Stored items:
+++
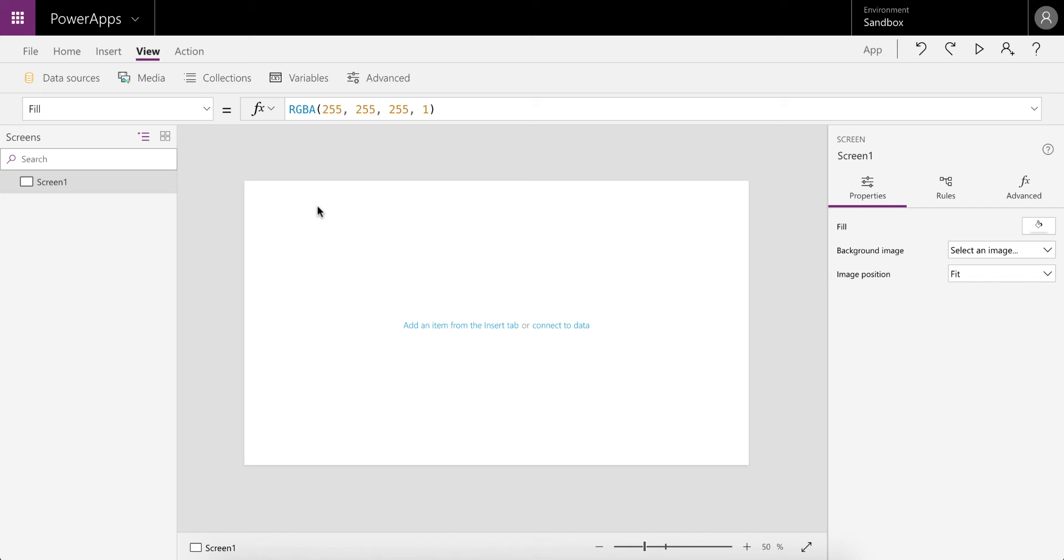Hello everyone and welcome to this video. There was a question on one of the forums on how to display the user profile picture from Office 365 in PowerApps. I thought I'd do a quick video to show you how to do this.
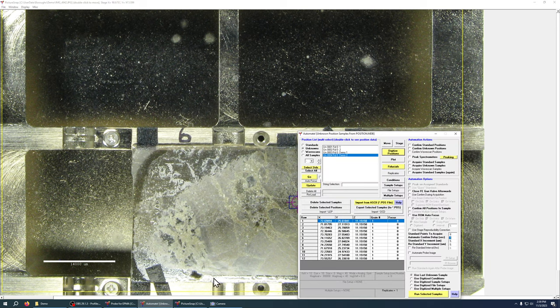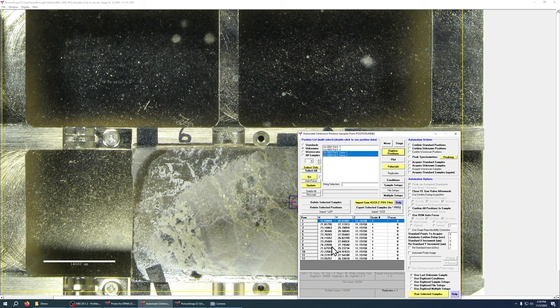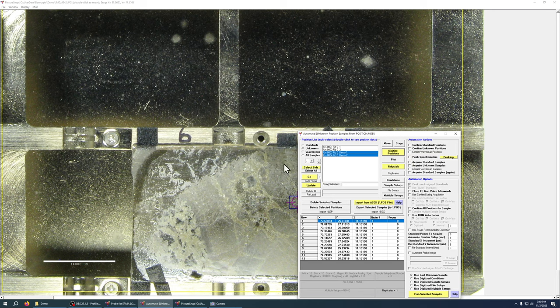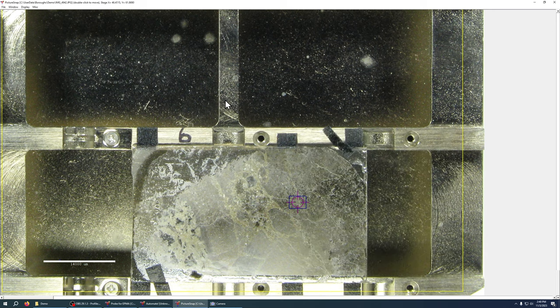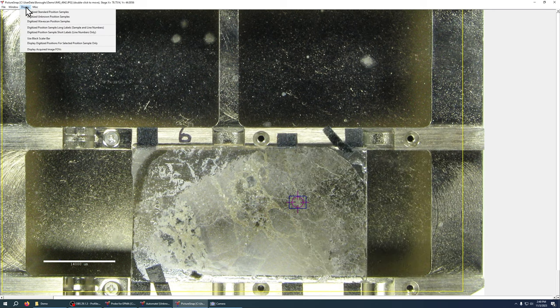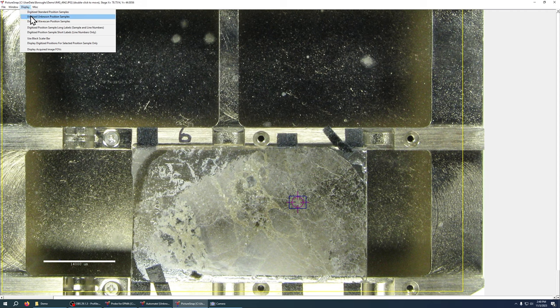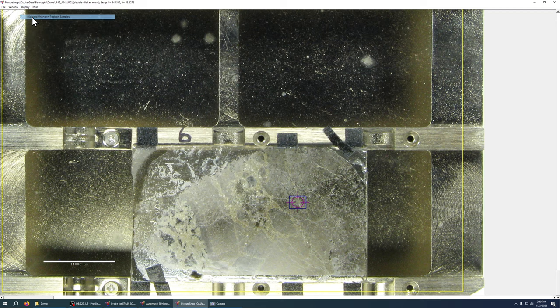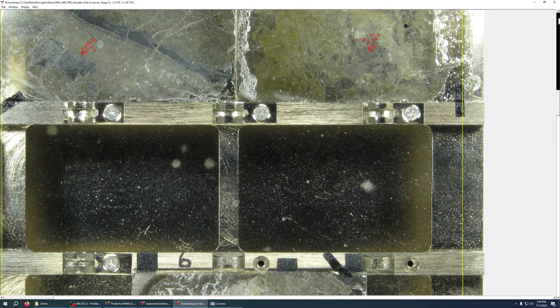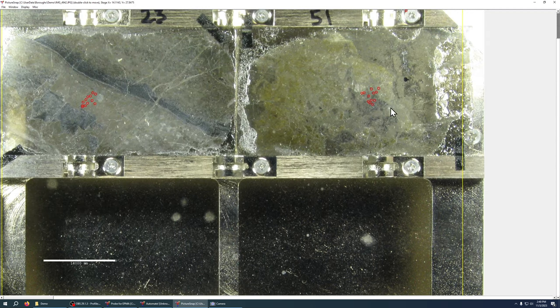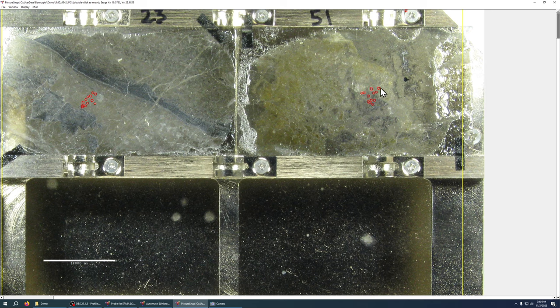But another nice feature of picture snap is that you can actually show your analysis points on there. So I've picked some points on this sample that I might want to run for analysis. So I've picked these points and now I can go to display digitized unknown positions. You can also show standard positions or wave scan positions, we'll just show the unknown positions and if we go up here now picture snap is displaying where I picked those points for analysis.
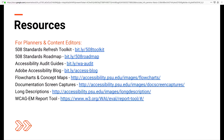Any more questions? Feel free to come by our booth, and I have some cards up here if anybody wants them. Thank you.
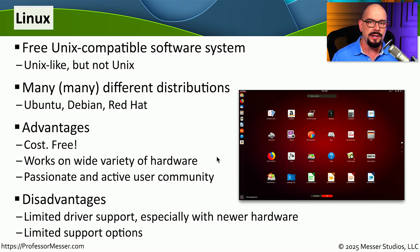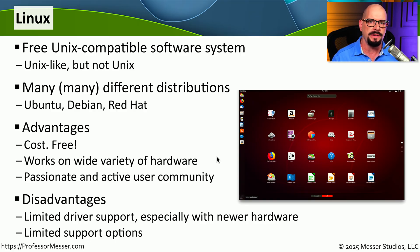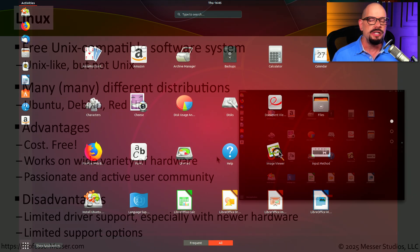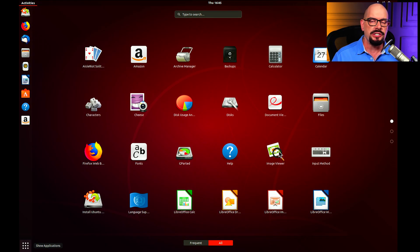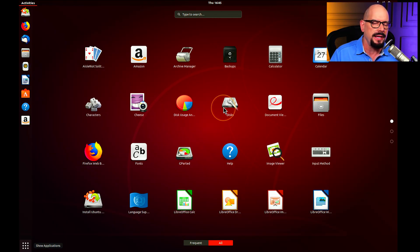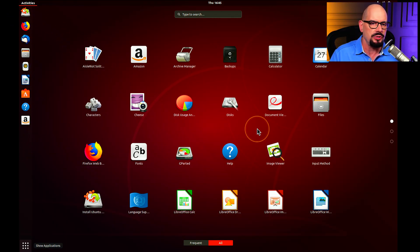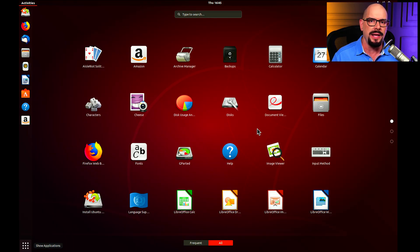This means you could get a brand new computer with a new video card and find there's no Linux device driver to use that card. Using Linux is very similar to almost any other operating system — we've become accustomed to having a desktop with icons and choosing applications from a list or dock, similar to Windows or Mac OS.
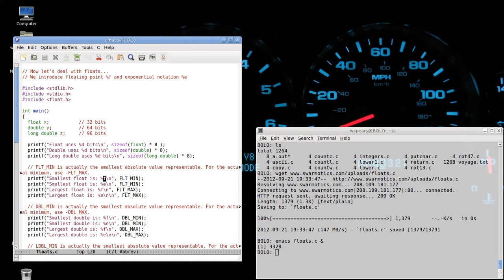And what do I mean by the smallest float? This is often confused. The smallest float is not the most negative float. The smallest float is the smallest absolute value that's representable by the machine. Okay. That's float min and float max is the maximum value for the float.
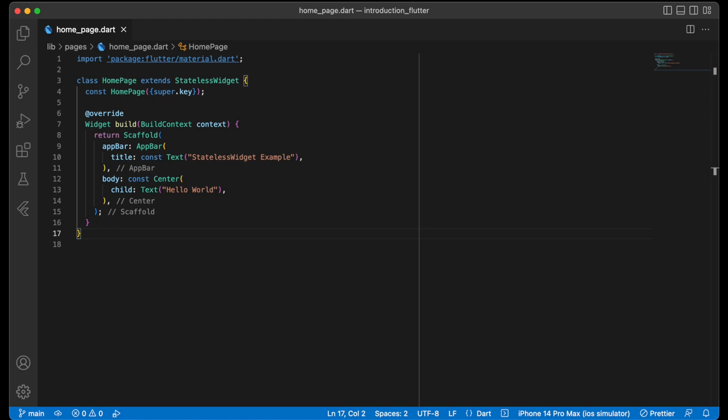In this example, HomePage is a stateless widget. It is a widget that will not store any mutable state. The build method is called only once when the widget is created. It is important to note that if any child widgets of a stateless widget store mutable state, the entire subtree will be rebuilt when the state changes.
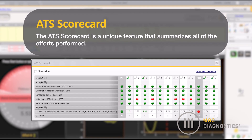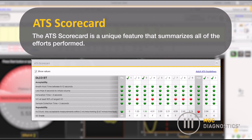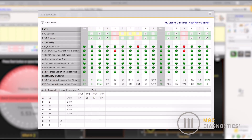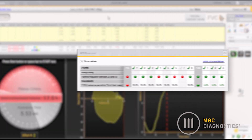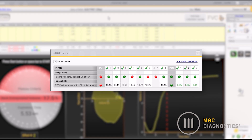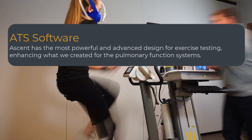The ATS scorecard is a unique feature that summarizes all of the efforts performed. At a single glance, you can see which efforts met standards and which efforts had concerns. By looking at the ATS scorecard for each individual test, the clinician can get a complete picture of the patient's ability to meet the ATS acceptability and repeatability standards for spirometry, diffusing capacity, and lung volumes.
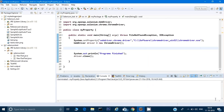Hey guys, welcome back. In this video we will learn about properties in Java and how to use these property files in our Java and Selenium programs.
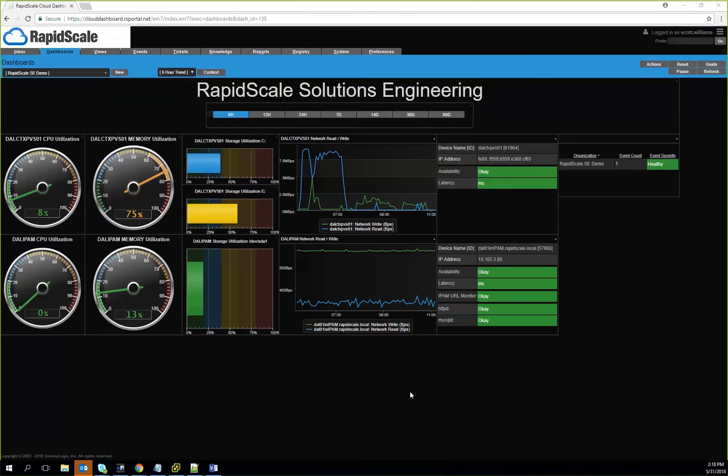And that pretty much wraps up most of the capabilities that you would see as an initial overview of ScienceLogic. If you have any questions concerning the monitoring platform or ticketing, feel free to email me at my address, which is scott.williams at rapidscale.net.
+++
(What needs to be done): Set the records down again exactly as given, and leave the pictures out.

(Answer area):
Hello everyone and welcome to this video. There was a question on one of the forums on how to display the user profile picture from Office 365 in PowerApps. I thought I'd do a quick video to show you how to do this.
But another nice feature of picture snap is that you can actually show your analysis points on there. So I've picked some points on this sample that I might want to run for analysis. So I've picked these points and now I can go to display digitized unknown positions. You can also show standard positions or wave scan positions, we'll just show the unknown positions and if we go up here now picture snap is displaying where I picked those points for analysis.
Any more questions? Feel free to come by our booth, and I have some cards up here if anybody wants them. Thank you.
This means you could get a brand new computer with a new video card and find there's no Linux device driver to use that card. Using Linux is very similar to almost any other operating system — we've become accustomed to having a desktop with icons and choosing applications from a list or dock, similar to Windows or Mac OS.
And what do I mean by the smallest float? This is often confused. The smallest float is not the most negative float. The smallest float is the smallest absolute value that's representable by the machine. Okay. That's float min and float max is the maximum value for the float.
In this example, HomePage is a stateless widget. It is a widget that will not store any mutable state. The build method is called only once when the widget is created. It is important to note that if any child widgets of a stateless widget store mutable state, the entire subtree will be rebuilt when the state changes.
The ATS scorecard is a unique feature that summarizes all of the efforts performed. At a single glance, you can see which efforts met standards and which efforts had concerns. By looking at the ATS scorecard for each individual test, the clinician can get a complete picture of the patient's ability to meet the ATS acceptability and repeatability standards for spirometry, diffusing capacity, and lung volumes.
Hey guys, welcome back. In this video we will learn about properties in Java and how to use these property files in our Java and Selenium programs.
And that pretty much wraps up most of the capabilities that you would see as an initial overview of ScienceLogic. If you have any questions concerning the monitoring platform or ticketing, feel free to email me at my address, which is scott.williams at rapidscale.net.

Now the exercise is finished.